- GIVEN MATERIAL
★ ★ ★ ★ ★ ★ ★

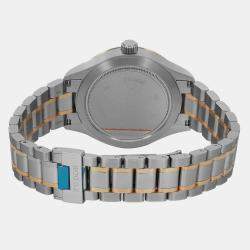 Tudor Black Diamond 18K Yellow Gold Stainless Steel Style Automatic Men's Wristwatch 38 mm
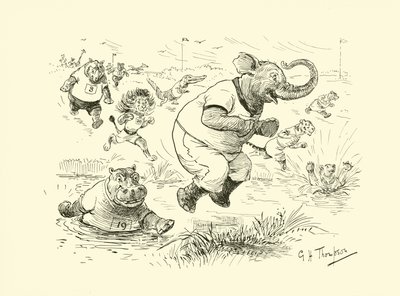 Djur vid de olympiska spelen (litografi) av George Henry Thompson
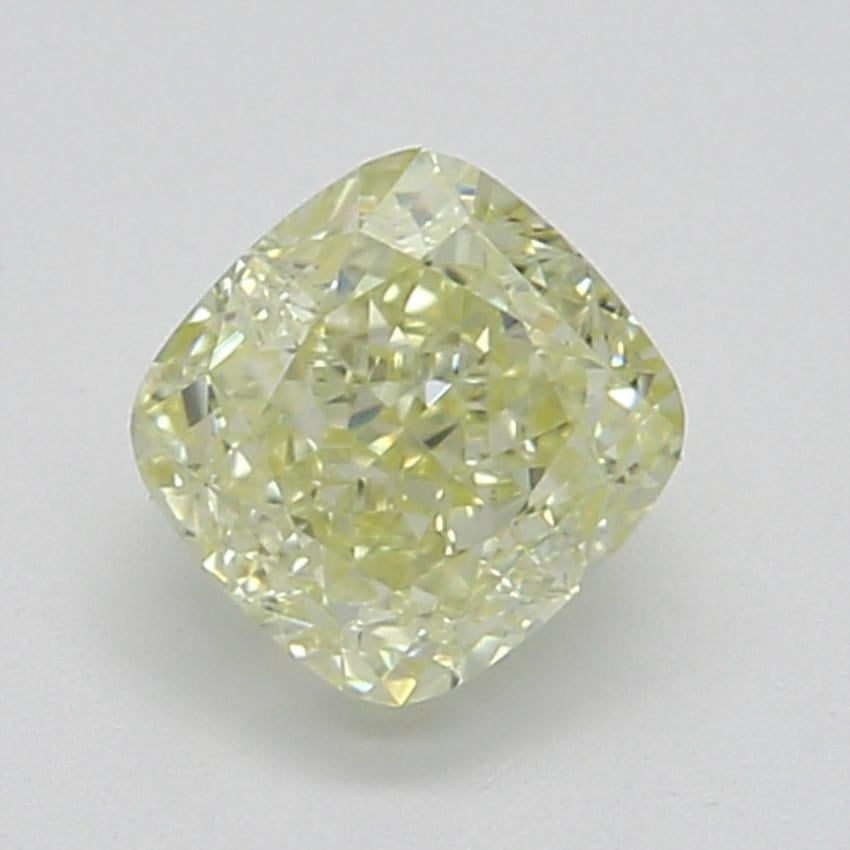 0.37 Ct. Fancy Light Yellow Cushion Diamond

★ ★ ★ ★ ★ ★ ★

- EXERCISE DETAILS
The task calls for every line of the data to be returned exactly, without pictures.

- WRITTEN ANSWER
 Tudor Black Diamond 18K Yellow Gold Stainless Steel Style Automatic Men's Wristwatch 38 mm
 Djur vid de olympiska spelen (litografi) av George Henry Thompson
 0.37 Ct. Fancy Light Yellow Cushion Diamond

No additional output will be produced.